*** Opening of Provided data ***

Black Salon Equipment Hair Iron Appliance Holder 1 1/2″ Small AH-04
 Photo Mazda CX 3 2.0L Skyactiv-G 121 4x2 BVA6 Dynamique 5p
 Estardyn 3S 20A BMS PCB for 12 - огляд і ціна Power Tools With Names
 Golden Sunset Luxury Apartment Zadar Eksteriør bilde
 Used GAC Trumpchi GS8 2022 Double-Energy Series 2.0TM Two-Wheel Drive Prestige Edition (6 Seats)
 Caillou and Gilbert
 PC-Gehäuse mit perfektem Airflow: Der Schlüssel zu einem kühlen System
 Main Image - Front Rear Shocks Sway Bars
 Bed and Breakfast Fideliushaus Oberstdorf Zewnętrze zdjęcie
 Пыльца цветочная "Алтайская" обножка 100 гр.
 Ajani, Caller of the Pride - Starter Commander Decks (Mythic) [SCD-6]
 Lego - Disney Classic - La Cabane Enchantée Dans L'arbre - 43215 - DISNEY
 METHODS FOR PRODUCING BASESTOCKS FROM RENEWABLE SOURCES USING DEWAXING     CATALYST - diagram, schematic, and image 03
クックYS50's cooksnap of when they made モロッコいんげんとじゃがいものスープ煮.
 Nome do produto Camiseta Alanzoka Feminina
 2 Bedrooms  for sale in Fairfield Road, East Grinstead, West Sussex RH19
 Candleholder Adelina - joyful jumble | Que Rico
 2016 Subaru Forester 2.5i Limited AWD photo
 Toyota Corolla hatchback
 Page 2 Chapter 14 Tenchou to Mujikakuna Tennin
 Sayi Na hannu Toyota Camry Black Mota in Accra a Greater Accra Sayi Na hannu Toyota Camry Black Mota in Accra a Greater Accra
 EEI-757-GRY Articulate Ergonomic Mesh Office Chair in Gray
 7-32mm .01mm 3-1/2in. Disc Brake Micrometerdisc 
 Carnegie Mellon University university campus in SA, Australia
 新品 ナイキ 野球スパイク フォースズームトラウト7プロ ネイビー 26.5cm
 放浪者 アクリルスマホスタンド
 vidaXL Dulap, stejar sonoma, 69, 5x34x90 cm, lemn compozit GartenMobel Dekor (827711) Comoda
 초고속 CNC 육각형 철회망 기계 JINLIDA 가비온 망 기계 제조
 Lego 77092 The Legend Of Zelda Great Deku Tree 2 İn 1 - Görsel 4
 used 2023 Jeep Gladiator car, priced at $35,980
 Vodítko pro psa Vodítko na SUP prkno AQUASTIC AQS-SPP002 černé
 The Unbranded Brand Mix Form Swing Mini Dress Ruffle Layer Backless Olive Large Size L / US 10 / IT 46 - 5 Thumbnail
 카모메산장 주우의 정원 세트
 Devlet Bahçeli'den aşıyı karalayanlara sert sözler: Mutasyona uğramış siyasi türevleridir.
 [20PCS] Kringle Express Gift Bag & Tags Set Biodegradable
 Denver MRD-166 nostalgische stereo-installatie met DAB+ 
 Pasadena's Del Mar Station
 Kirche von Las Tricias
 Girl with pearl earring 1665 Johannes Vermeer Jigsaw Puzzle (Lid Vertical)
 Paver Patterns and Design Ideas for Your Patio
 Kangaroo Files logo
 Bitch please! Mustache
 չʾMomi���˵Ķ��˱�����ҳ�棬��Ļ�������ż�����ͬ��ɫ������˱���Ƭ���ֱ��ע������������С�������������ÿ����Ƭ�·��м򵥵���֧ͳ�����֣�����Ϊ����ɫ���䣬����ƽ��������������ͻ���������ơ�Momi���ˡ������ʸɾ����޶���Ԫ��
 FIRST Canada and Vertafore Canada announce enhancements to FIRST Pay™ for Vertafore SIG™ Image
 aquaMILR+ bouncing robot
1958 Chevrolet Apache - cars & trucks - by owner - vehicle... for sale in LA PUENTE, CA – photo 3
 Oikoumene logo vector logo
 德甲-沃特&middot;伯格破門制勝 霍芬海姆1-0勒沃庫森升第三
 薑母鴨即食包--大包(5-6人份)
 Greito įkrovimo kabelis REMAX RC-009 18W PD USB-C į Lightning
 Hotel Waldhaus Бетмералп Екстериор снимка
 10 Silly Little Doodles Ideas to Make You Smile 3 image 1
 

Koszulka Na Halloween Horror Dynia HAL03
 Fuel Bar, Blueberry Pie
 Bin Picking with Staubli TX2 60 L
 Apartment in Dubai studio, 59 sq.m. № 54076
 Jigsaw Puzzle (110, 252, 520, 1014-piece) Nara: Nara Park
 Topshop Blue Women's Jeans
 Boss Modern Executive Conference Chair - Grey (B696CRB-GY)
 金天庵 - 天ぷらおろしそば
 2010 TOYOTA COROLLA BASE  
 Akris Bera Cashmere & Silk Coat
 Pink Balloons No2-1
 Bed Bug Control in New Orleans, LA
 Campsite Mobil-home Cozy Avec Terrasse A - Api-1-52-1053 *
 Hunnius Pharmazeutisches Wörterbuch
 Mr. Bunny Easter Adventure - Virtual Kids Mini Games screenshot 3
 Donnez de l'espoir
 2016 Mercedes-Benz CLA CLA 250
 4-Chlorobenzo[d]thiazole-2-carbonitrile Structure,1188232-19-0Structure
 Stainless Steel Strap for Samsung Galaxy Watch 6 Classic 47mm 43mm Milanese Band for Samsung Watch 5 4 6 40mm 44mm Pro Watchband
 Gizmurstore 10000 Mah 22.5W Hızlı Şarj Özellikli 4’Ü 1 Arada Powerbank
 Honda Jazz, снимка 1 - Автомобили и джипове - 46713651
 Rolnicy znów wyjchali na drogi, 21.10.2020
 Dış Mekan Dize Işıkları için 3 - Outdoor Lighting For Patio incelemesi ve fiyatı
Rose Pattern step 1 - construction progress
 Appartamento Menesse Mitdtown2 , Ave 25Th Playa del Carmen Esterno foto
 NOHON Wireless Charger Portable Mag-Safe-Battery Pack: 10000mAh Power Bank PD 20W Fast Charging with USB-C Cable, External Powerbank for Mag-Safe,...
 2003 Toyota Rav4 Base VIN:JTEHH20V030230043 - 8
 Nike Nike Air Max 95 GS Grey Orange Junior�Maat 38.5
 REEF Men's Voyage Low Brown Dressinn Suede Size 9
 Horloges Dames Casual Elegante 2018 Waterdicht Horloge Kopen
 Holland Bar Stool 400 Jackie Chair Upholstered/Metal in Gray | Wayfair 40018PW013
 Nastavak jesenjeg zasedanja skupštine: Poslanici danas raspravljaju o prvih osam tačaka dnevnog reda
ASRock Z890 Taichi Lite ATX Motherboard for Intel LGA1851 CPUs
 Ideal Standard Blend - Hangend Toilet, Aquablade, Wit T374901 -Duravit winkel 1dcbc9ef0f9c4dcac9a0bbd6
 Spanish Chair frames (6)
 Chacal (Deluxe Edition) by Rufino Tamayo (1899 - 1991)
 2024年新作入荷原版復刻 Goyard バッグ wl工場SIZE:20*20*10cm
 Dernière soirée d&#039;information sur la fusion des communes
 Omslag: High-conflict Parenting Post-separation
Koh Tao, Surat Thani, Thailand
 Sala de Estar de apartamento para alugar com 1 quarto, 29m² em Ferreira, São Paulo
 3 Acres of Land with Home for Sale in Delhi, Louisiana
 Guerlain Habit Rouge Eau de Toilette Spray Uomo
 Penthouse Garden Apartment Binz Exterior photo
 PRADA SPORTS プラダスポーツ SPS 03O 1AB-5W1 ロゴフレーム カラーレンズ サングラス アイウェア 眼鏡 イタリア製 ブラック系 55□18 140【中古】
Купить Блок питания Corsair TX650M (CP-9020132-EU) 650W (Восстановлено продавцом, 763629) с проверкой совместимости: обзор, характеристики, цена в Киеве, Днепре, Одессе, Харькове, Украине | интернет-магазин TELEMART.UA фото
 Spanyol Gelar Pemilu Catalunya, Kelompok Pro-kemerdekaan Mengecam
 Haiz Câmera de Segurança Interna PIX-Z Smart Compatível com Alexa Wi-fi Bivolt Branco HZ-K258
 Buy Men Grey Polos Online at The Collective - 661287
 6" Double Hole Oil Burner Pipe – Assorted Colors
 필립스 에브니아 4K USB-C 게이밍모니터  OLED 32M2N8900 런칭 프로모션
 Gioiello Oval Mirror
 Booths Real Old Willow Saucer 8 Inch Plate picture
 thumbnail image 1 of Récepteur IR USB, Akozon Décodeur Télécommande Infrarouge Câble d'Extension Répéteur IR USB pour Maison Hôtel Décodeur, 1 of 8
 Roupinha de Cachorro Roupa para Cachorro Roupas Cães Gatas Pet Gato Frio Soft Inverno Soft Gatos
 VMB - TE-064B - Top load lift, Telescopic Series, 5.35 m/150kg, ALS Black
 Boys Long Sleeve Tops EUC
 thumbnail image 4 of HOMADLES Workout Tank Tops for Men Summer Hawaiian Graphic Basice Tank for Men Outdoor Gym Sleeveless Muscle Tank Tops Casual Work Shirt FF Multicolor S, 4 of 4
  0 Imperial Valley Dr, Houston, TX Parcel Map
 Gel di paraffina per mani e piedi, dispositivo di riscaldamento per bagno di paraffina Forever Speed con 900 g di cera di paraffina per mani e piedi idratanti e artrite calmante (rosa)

*** Close of Provided data ***

- **Task details**
Give back, exactly as written, the stretch from the line with "Kangaroo Files logo" through the line with "չʾMomi���˵Ķ��˱", and no other lines from the records above.

- **Response to the task**
 Kangaroo Files logo
 Bitch please! Mustache
 չʾMomi���˵Ķ��˱�����ҳ�棬��Ļ�������ż�����ͬ��ɫ������˱���Ƭ���ֱ��ע������������С�������������ÿ����Ƭ�·��м򵥵���֧ͳ�����֣�����Ϊ����ɫ���䣬����ƽ��������������ͻ���������ơ�Momi���ˡ������ʸɾ����޶���Ԫ��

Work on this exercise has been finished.